### [WORK REQUIRED]
Copy each record exactly, word for word.

### [DATA RECORDS]
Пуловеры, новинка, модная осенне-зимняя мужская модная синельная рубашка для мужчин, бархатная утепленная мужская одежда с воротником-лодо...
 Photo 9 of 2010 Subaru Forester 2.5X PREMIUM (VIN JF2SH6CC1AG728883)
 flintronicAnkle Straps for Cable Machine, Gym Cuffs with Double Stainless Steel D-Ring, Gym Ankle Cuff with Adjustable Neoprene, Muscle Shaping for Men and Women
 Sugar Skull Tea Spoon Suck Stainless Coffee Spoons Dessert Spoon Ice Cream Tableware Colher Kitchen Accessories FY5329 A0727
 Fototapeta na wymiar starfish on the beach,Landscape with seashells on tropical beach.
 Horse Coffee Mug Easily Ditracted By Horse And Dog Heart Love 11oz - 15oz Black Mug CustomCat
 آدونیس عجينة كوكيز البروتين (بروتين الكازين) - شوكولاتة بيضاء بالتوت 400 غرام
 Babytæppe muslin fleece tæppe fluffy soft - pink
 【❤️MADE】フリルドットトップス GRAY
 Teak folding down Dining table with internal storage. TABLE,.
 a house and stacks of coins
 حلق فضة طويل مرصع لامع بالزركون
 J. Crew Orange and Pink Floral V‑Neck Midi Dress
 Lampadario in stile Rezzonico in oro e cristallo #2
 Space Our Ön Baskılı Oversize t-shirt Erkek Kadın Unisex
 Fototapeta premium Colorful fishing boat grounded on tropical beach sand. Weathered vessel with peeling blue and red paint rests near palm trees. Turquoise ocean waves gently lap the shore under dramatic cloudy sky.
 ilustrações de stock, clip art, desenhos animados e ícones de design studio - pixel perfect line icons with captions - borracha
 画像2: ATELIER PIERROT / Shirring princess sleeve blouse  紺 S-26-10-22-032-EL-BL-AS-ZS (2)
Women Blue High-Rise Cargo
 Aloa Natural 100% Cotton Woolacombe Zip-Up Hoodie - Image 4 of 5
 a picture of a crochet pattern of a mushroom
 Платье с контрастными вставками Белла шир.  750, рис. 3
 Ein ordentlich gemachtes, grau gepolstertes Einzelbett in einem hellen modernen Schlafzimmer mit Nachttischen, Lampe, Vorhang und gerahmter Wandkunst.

### [FINISHED EXERCISE]
Пуловеры, новинка, модная осенне-зимняя мужская модная синельная рубашка для мужчин, бархатная утепленная мужская одежда с воротником-лодо...
 Photo 9 of 2010 Subaru Forester 2.5X PREMIUM (VIN JF2SH6CC1AG728883)
 flintronicAnkle Straps for Cable Machine, Gym Cuffs with Double Stainless Steel D-Ring, Gym Ankle Cuff with Adjustable Neoprene, Muscle Shaping for Men and Women
 Sugar Skull Tea Spoon Suck Stainless Coffee Spoons Dessert Spoon Ice Cream Tableware Colher Kitchen Accessories FY5329 A0727
 Fototapeta na wymiar starfish on the beach,Landscape with seashells on tropical beach.
 Horse Coffee Mug Easily Ditracted By Horse And Dog Heart Love 11oz - 15oz Black Mug CustomCat
 آدونیس عجينة كوكيز البروتين (بروتين الكازين) - شوكولاتة بيضاء بالتوت 400 غرام
 Babytæppe muslin fleece tæppe fluffy soft - pink
 【❤️MADE】フリルドットトップス GRAY
 Teak folding down Dining table with internal storage. TABLE,.
 a house and stacks of coins
 حلق فضة طويل مرصع لامع بالزركون
 J. Crew Orange and Pink Floral V‑Neck Midi Dress
 Lampadario in stile Rezzonico in oro e cristallo #2
 Space Our Ön Baskılı Oversize t-shirt Erkek Kadın Unisex
 Fototapeta premium Colorful fishing boat grounded on tropical beach sand. Weathered vessel with peeling blue and red paint rests near palm trees. Turquoise ocean waves gently lap the shore under dramatic cloudy sky.
 ilustrações de stock, clip art, desenhos animados e ícones de design studio - pixel perfect line icons with captions - borracha
 画像2: ATELIER PIERROT / Shirring princess sleeve blouse  紺 S-26-10-22-032-EL-BL-AS-ZS (2)
Women Blue High-Rise Cargo
 Aloa Natural 100% Cotton Woolacombe Zip-Up Hoodie - Image 4 of 5
 a picture of a crochet pattern of a mushroom
 Платье с контрастными вставками Белла шир.  750, рис. 3
 Ein ordentlich gemachtes, grau gepolstertes Einzelbett in einem hellen modernen Schlafzimmer mit Nachttischen, Lampe, Vorhang und gerahmter Wandkunst.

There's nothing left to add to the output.